→ Problem to solve: Under this line is some data; print exactly the lines from the one containing "中航峡峰 5号白油 工业白油" through its last line, without pictures.

(Information supplied begins)

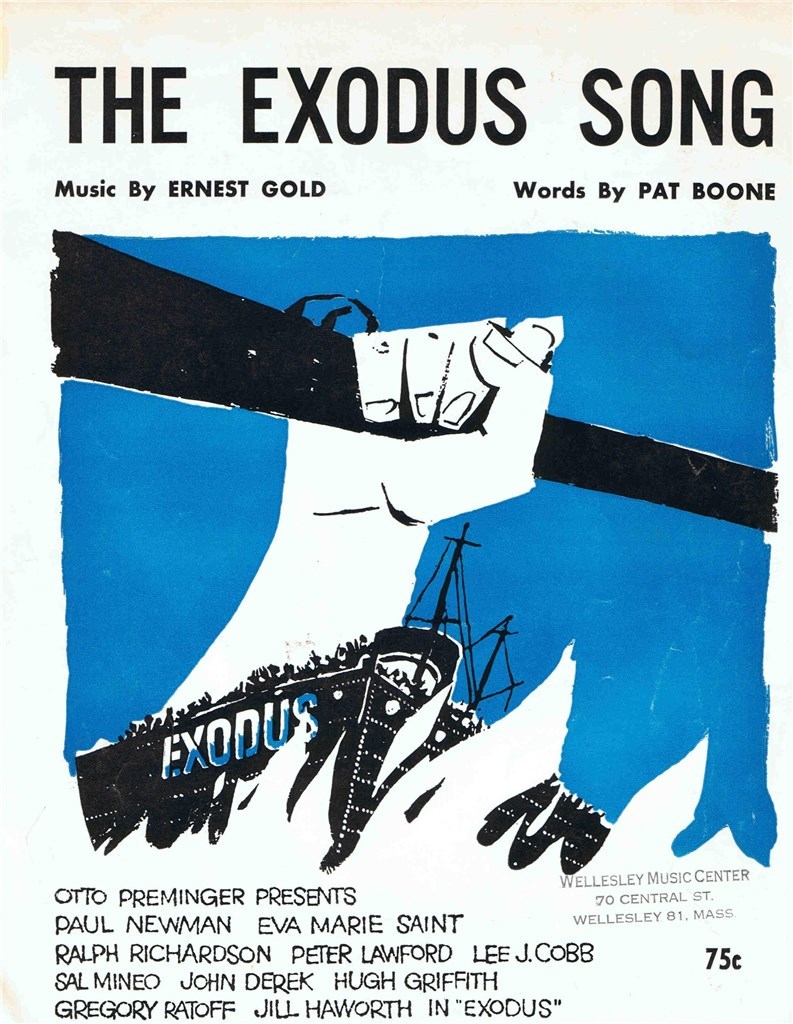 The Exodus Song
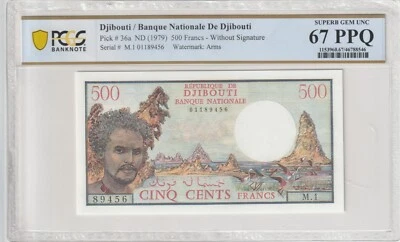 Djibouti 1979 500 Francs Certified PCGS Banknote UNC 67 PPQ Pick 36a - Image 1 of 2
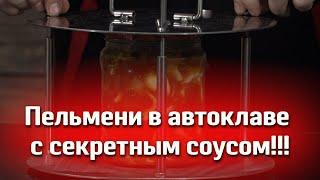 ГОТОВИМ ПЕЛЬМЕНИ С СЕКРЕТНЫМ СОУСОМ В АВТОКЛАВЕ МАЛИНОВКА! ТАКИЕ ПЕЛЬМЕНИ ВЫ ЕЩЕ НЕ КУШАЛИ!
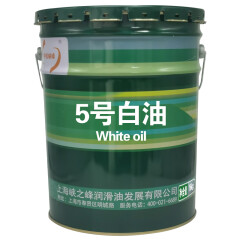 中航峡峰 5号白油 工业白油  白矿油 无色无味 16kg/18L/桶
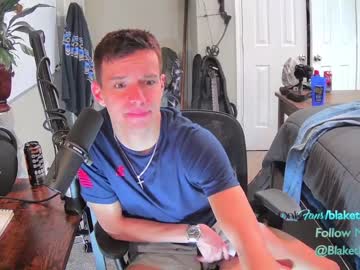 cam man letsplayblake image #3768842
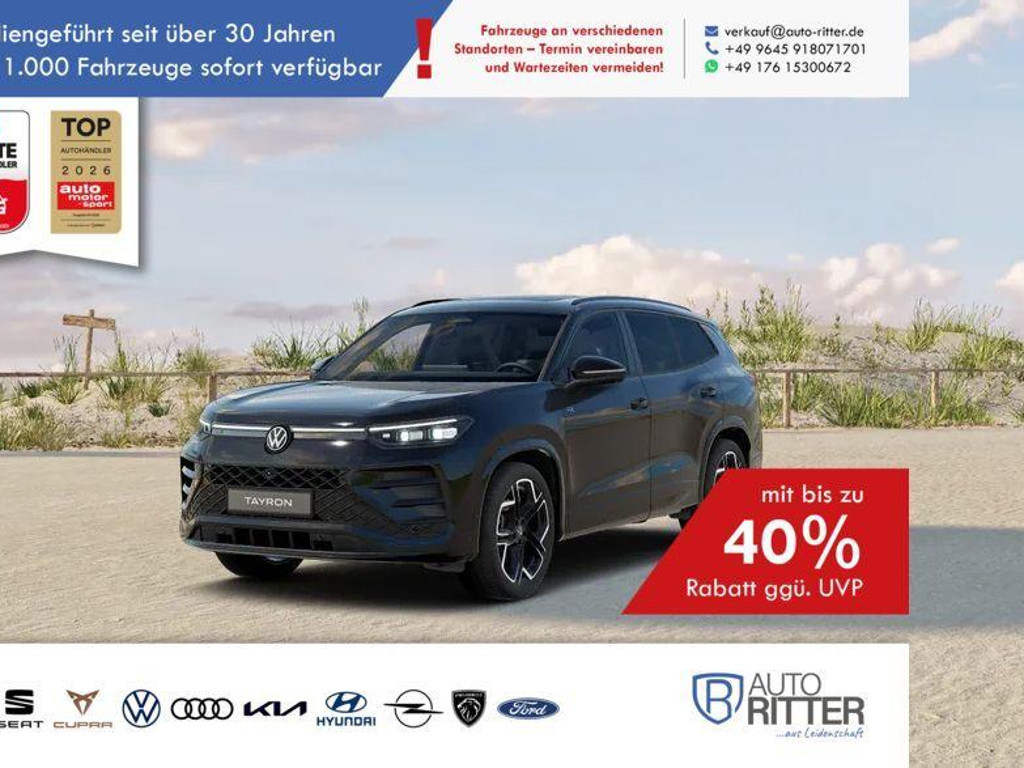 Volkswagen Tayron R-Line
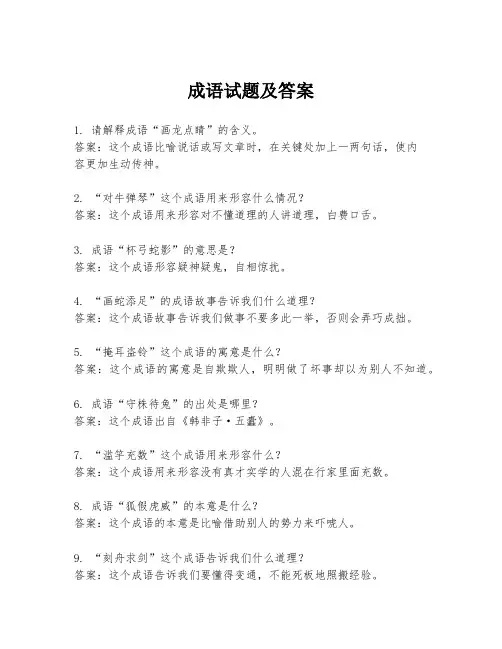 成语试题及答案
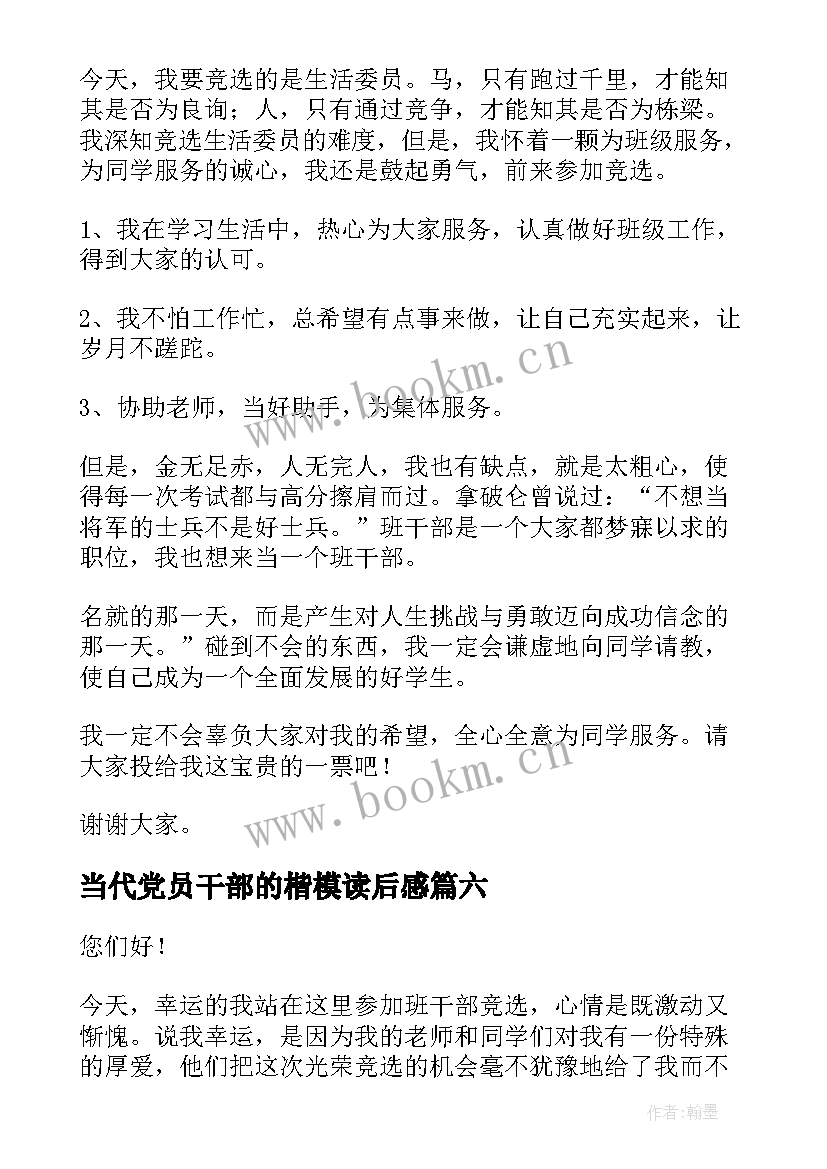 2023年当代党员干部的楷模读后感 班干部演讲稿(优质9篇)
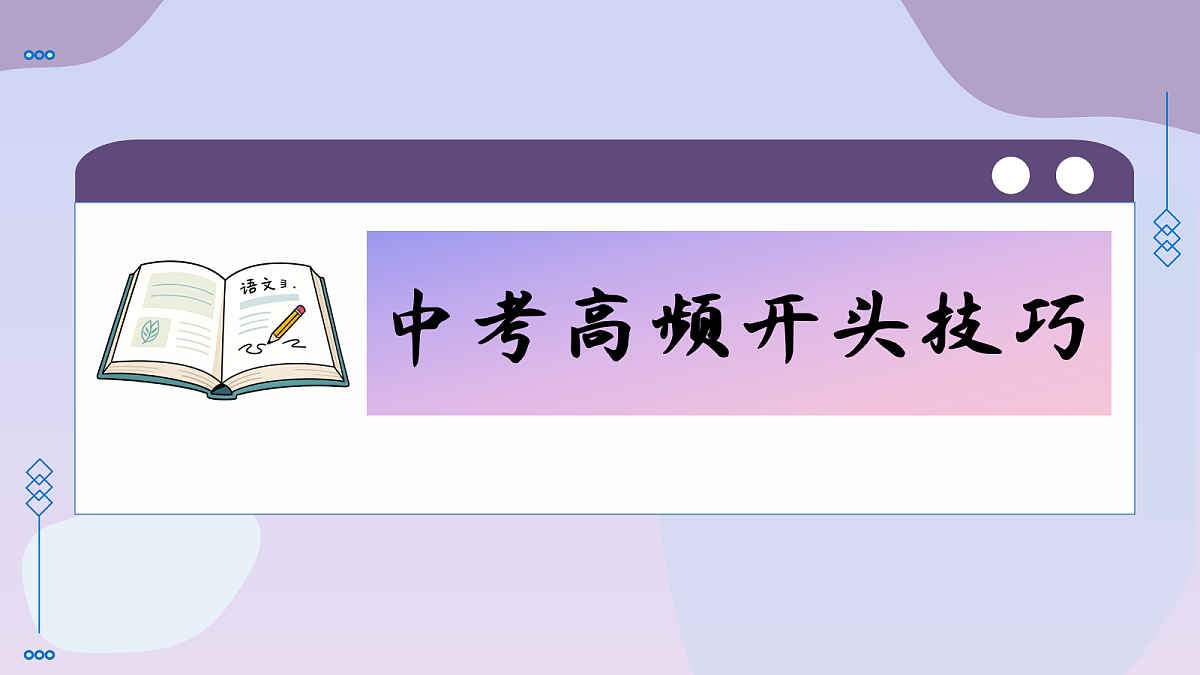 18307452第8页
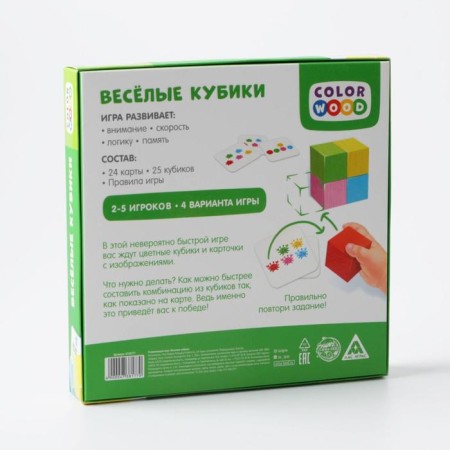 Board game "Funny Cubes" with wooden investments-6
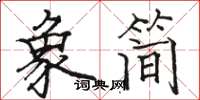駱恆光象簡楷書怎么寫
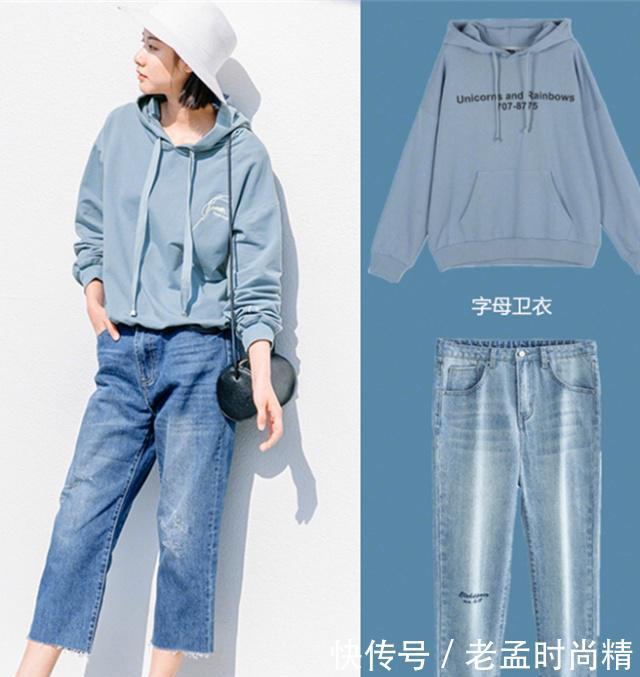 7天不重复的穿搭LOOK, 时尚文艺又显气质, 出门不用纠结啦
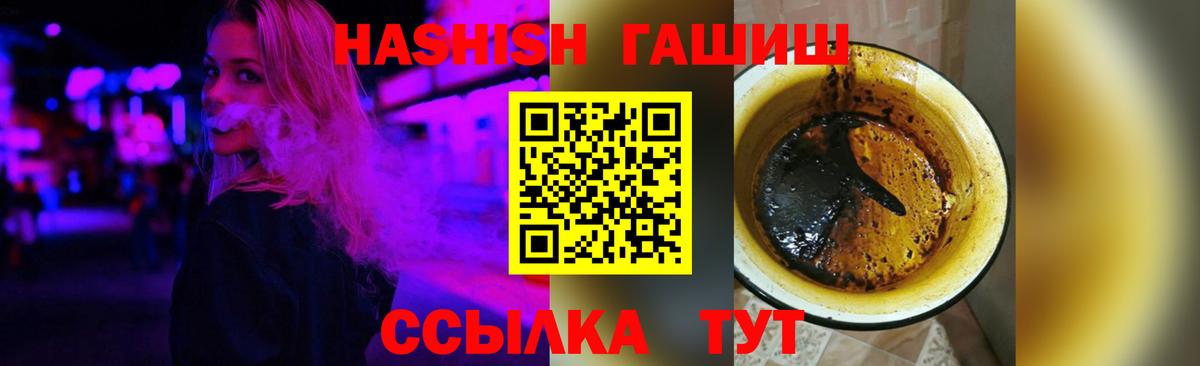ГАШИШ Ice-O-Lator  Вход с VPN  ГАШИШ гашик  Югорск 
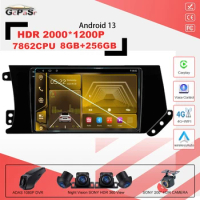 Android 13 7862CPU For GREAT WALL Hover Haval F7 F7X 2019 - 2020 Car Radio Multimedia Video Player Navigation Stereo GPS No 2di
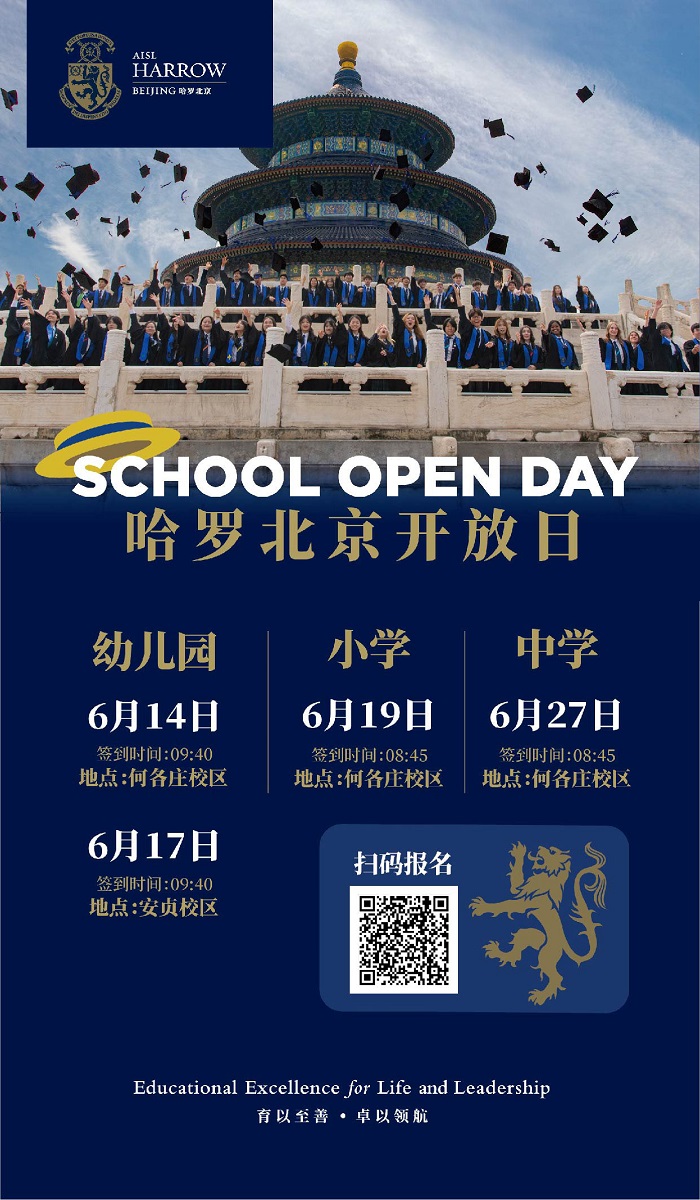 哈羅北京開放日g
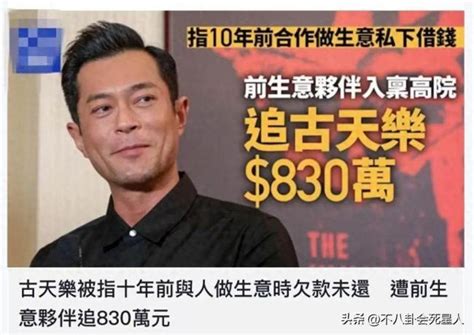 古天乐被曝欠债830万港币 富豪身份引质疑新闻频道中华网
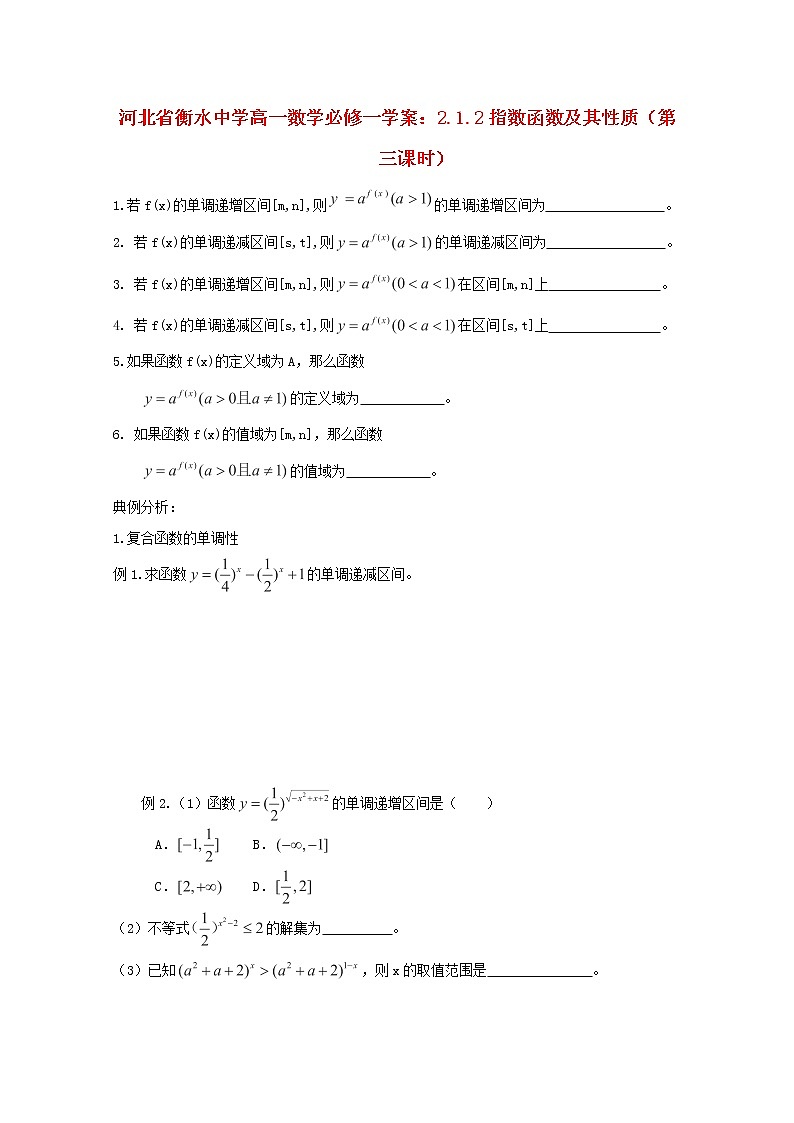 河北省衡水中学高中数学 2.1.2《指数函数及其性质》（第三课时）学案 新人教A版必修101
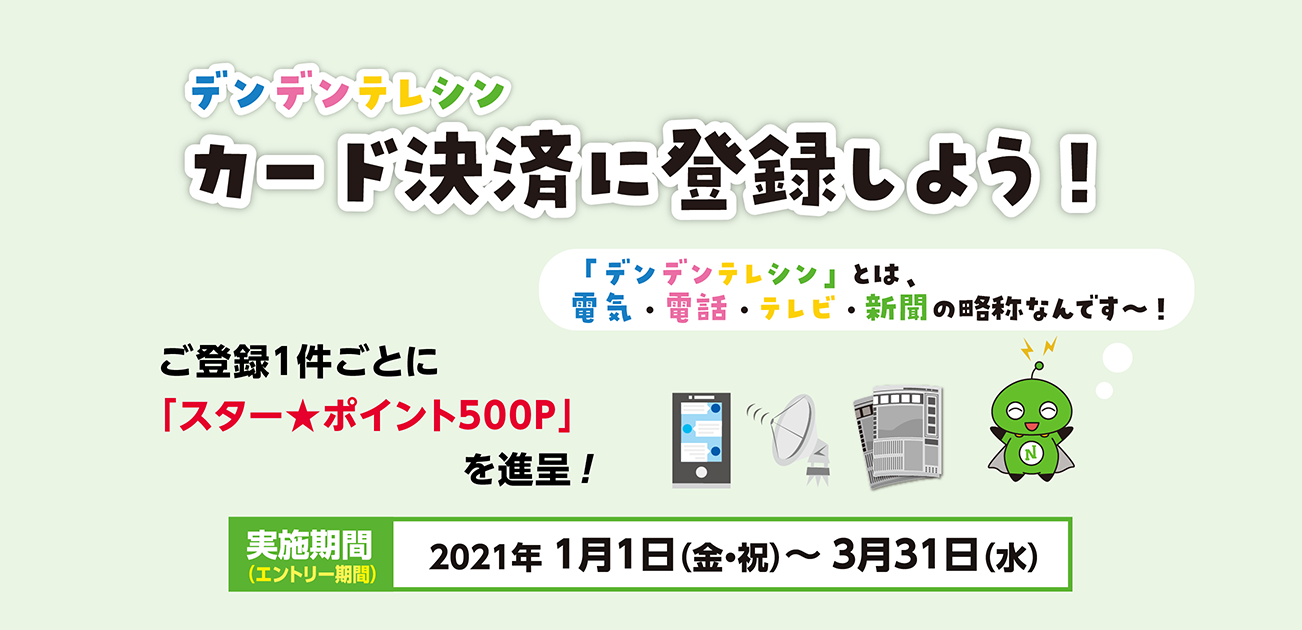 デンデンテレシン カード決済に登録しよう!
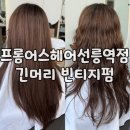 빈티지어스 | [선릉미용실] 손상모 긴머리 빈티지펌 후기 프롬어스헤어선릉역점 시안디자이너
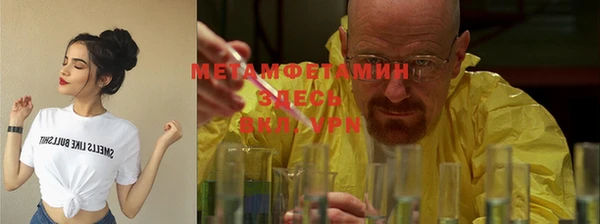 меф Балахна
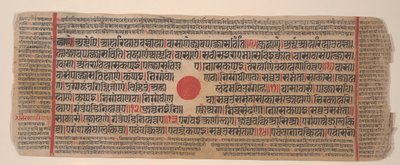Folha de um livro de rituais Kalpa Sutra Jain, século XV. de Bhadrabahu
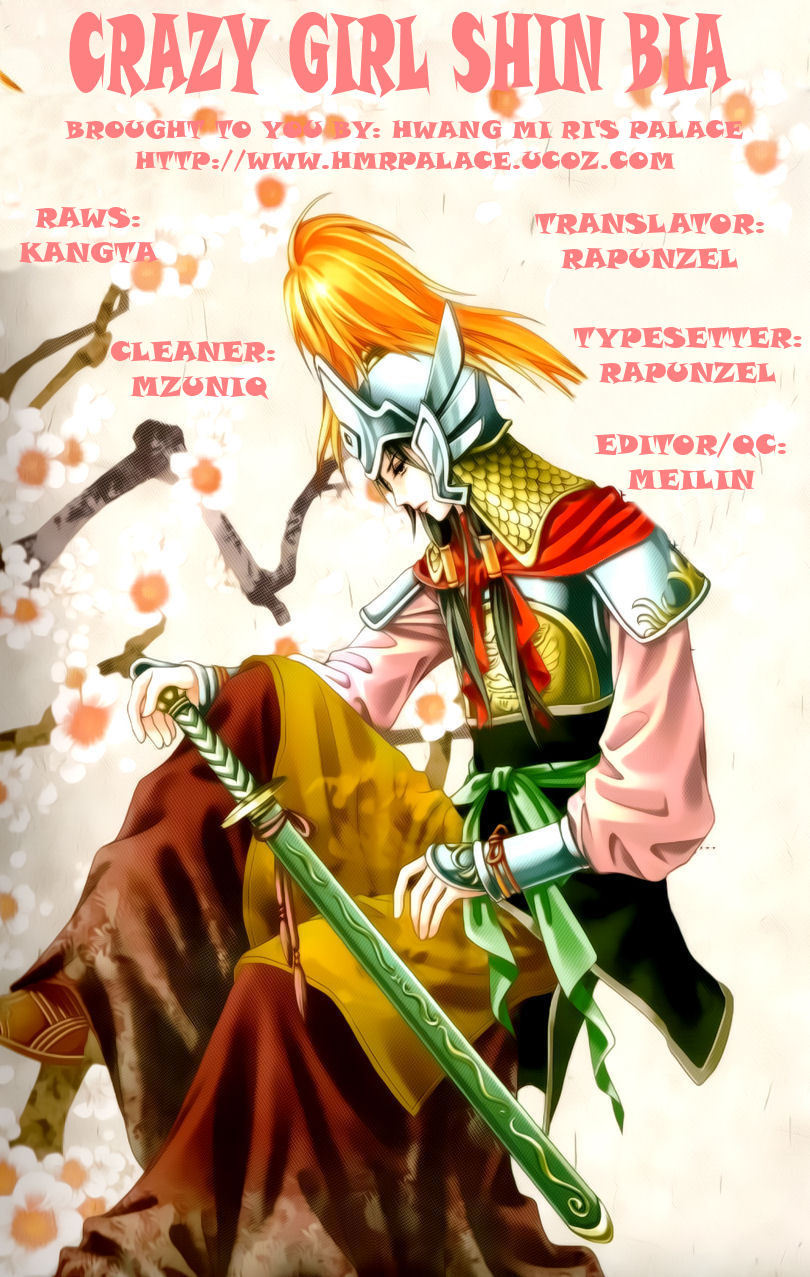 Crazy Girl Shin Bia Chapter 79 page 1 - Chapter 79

(Information supplied ends)

→ Task response:
 中航峡峰 5号白油 工业白油  白矿油 无色无味 16kg/18L/桶
 cam man letsplayblake image #3768842
 Volkswagen Tayron R-Line
 成语试题及答案
 2023年当代党员干部的楷模读后感 班干部演讲稿(优质9篇)
 18307452第8页
 Board game "Funny Cubes" with wooden investments-6
駱恆光象簡楷書怎么寫
 7天不重复的穿搭LOOK, 时尚文艺又显气质, 出门不用纠结啦
ГАШИШ Ice-O-Lator  Вход с VPN  ГАШИШ гашик  Югорск 
 Android 13 7862CPU For GREAT WALL Hover Haval F7 F7X 2019 - 2020 Car Radio Multimedia Video Player Navigation Stereo GPS No 2di
 哈羅北京開放日g
 古天乐被曝欠债830万港币 富豪身份引质疑新闻频道中华网
 河北省衡水中学高中数学 2.1.2《指数函数及其性质》（第三课时）学案 新人教A版必修101
 デンデンテレシン カード決済に登録しよう!
 빈티지어스 | [선릉미용실] 손상모 긴머리 빈티지펌 후기 프롬어스헤어선릉역점 시안디자이너
 меф Балахна
Folha de um livro de rituais Kalpa Sutra Jain, século XV. de Bhadrabahu
 Crazy Girl Shin Bia Chapter 79 page 1 - Chapter 79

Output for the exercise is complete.